The national audit office report, on reducing emergency admissions, states that 65 percent of hospital emergency bed days were occupied by patients aged 65 or over

This same report states that there were 5,800,000 emergency admissions in 2016-17, this is a 2.1 percent increase but it also says 32 percent of local areas had reduced emergency admissions due to better care fund plans. It also shows that 79 percent of the growth in admissions is accounted for by people who did not stay in hospital. The report also shows that between 2014-5 and 2016-17, the number of people aged over 65 grew by 6.2 percent but emergency admissions for this age group grew by 12 percent. It does not state—or at least I have not found it yet—whether the number of emergency beds, and so days available, has been reduced, since 2014. Obviously less beds increases percentage occupation in remainder.

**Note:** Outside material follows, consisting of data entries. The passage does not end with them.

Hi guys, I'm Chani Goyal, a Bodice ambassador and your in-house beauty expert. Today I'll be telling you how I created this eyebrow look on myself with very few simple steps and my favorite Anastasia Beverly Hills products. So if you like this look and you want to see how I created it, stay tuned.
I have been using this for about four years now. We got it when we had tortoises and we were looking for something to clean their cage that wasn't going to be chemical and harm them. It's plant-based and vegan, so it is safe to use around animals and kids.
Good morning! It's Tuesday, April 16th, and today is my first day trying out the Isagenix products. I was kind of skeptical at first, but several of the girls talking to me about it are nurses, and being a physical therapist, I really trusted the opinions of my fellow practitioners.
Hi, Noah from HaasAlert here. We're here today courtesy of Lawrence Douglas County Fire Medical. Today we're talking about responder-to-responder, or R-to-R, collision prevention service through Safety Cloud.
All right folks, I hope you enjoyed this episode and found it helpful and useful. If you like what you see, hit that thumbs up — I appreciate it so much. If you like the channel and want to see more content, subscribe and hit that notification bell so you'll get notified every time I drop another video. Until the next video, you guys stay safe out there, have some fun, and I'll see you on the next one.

These figures imply that a larger proportion of elderly people are seeking emergency hospital treatment than had done so previously. Why is this? There are press reports of increased waiting times to get appointments to see general practitioners and this would account for more people going to accident and emergency hospitals since they feel they can not wait three weeks to see their doctor. This increase in proportion may be due to shortcomings in the general practitioner services rather than increase illness in the over 65 age group. There is also the reduction in “out of hours” GP services and in home visits. If you are ill and not able to get out, while the doctor will not come to you, then you call the emergency service. So it is possible, even likely, that much of this increase in elderly use of emergency hospital admissions is caused by a deterioration of the general practitioner service. It is also relevant that if a patient sees their GP and they arrange a hospital admission, this is not treated statistically as an emergency admission. So the figures get distorted when seeing your general practitioner is more difficult. If in 2014 it was easier to see your doctor and they “caused” the admission to hospital, it was not counted as an emergency admission.

Figures from NHS digital – the latest figures available to the public are for 2013-14.

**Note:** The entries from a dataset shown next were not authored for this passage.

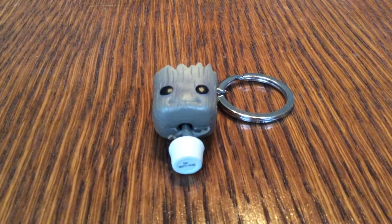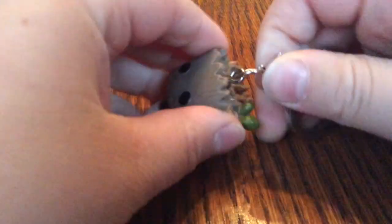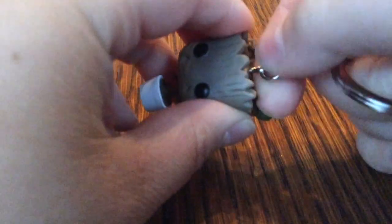Hey everyone, it's Penapple Productions, and today I'm going to be showing you how to take the keychain off of a Funko Pocket Pop keychain. So what you're going to do is take your keychain — I have a group — and then you're going to turn this left.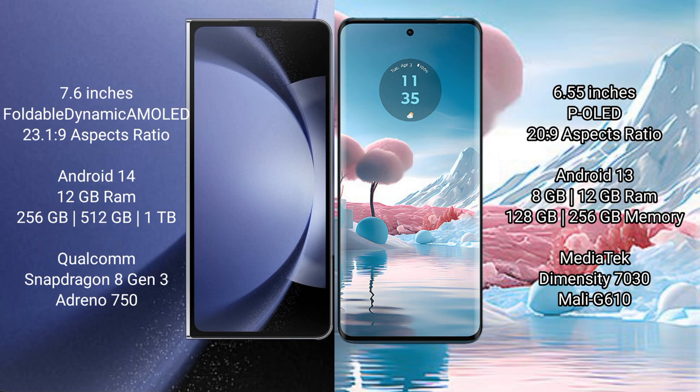Motorola Edge 40 Neo comes with 8GB or 12GB RAM and 128GB or 256GB internal storage, MediaTek Dimensity 7030 processor, and GPU Mali-G610.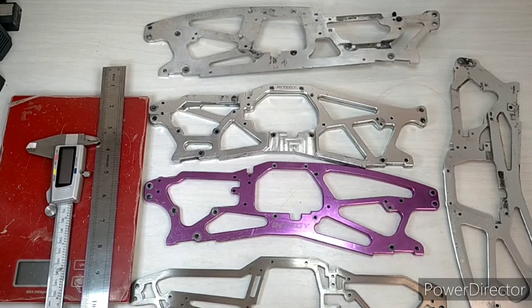Hello everybody, welcome to the video. Today we're going to look at some chassis for the HPI Savage, which is a 1/8 scale nitro monster truck — one of the most fun, exciting nitro models made by HPI. These are some of the different chassis and upgrades available for it.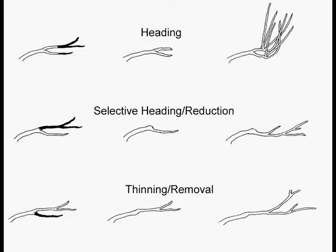There are only three basic cuts in pruning, and if people understood the cuts, they would understand most of pruning just by knowing what was going to happen next. On the top, you have the non-selective heading cut — that's where you basically whack something back to no place in particular. This kind of cut gets people into trouble when they're trying to reduce the size of their plants or make them a certain shape, because rather than telling a plant to stop growing at the site of the cut, it actually stimulates regrowth just below the cut. A bunch of sprouts grow out rapidly — those are called water sprouts, and you can see them on the right-hand side.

The greatest number of admissions by age band was for patients aged 65 to 69 (1.3 million). This age band also saw the greatest increase in the number of admissions, up 5.5 percent (66,000) from 1.2 million in 2012-13.

All these statistics, especially when expressed as percentage of a total, can be misleading. Note that a report from the Kings Fund on hospital bed numbers past present and future; that was published 29, September 2017; shows that the number of overnight general and acute beds, has fallen by 43.4 percent between 1987-88 and 2016-17 Statistically, reducing the total number of beds available distorts the figures. For example, if there are 100 beds and 50 patients you have 50 percent bed occupancy, if you reduce the number of beds to 50 you have 100 percent bed occupancy. The number of admissions is indirectly linked to the number of beds, since you could not admit 100 people if you only had 50 beds.

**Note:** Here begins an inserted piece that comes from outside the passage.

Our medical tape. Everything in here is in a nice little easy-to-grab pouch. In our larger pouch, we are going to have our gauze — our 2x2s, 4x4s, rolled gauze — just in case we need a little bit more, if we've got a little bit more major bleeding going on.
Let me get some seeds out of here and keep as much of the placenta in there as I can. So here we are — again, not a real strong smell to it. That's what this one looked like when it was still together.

The Office of National Statistics report that only 58 percent of babies born in 1920 lived to be 70 in 1990, while 78 percent of babies born in 1946 survived to be 70 in 2016. This makes it look as if there has been a huge increase in life expectancy. There was the second world war between 1920 and 1990 (when hundreds of thousands of people were killed by conflict. Some by being on active service, some by begin victims of enemy bombing raids) which must have affected the figures to the extent that the 58 percent is meaningless when compared to a period of relative peace.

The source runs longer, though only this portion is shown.